Over two decades later, 2TT remains the standard laboratory diagnosis for Lyme disease and continues to be recommended by leading public health agencies in both the United States and Europe. However, this paradigm suffers from well-recognized limitations. Firstly, although 2TT is generally sensitive and specific in late-stage disease, antibodies against Borrelia spp. are slow to develop, with IgM generally not being detectable for the first 1–2 weeks and IgG, 4–6 weeks after infection [2]. As a result, detection antibodies by ELISA is less than 40% sensitive during the first three weeks of infection when antibiotic treatment is most effective [14]. In addition, Borrelia spp. are highly pleomorphic over the course of a host infection cycle, with altered gene expression profiles that result in distinct immune responses [15]. This is further complicated by the antigenic heterogeneity of divergent Borrelia spp., and even heterologous strains of the same species that are easy to miss [2].

Other limitations of 2TT relate to its clinical utility and practicality. As recovered patients may be seropositive for many years post-infection, assays testing for IgG cannot reliably distinguish between active and historic infections, or reliably measure humoral responses to effective antibiotic treatment [16]. When combined with the fact that the majority of tests are performed in situations with low likelihood of disease, this creates an inherent risk of producing false-positive results which are both costly and time-consuming for healthcare providers and may draw attention away from the need to diagnose other serious diseases like multiple sclerosis or rheumatoid arthritis [17]. Finally, ELISAs and WBs require specialized equipment and training, and are constrained by long turnaround times (>24 h), high costs (>$400/test) and limited throughput [18]. This in particular limits the accessibility to Lyme disease testing, especially in populations far from clinical laboratories in rural and forested areas where tick bites are common.

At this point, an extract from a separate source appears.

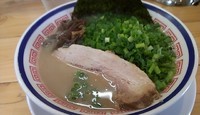 「ネギラーメン」@博多らーめん バリ龍の写真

Novel Serological Diagnostics

The accurate and timely diagnosis of Lyme disease is crucial, as delays, missed diagnosis, or inadequate treatment risk the development of more severe and chronic disease, with worsening prognosis [19]. Given the limitations of 2TT and the growing burden of Lyme disease, there has been a growing drive from the medical and public health communities to improve diagnosis.

The first major step in improving the serological diagnosis of Lyme disease was the development of novel antigenic targets. First generation ELISAs and WBs used whole cell Borrelia sonicates, which conferred sensitivity with a broad range of antigens, but allowed some antibodies to cross-react with unrelated bacterial epitopes, leading to false-positive results. Moreover, studies showed that many Borrelia antigens expressed in vivo during infection, were not being expressed under the non-native conditions of in vitro culture. To address this, large-scale antigen screens were carried out, leading to the discovery of a range of new targets, such as flagellin (FLA), decorin-binding protein (DbpA), outer surface protein C (OspC) and Vmp-like sequence E (VlsE) [20]. Recombinantly-expressed antigens and peptides (like VlsE’s C6) represented a significant improvement over whole cell sonicates, with specificities now typically exceeding 95% [21]. However, given the antigenic heterogeneity of Borrelia spp. and its variance over the time-course of infection, 2TT is still limited in its functionality.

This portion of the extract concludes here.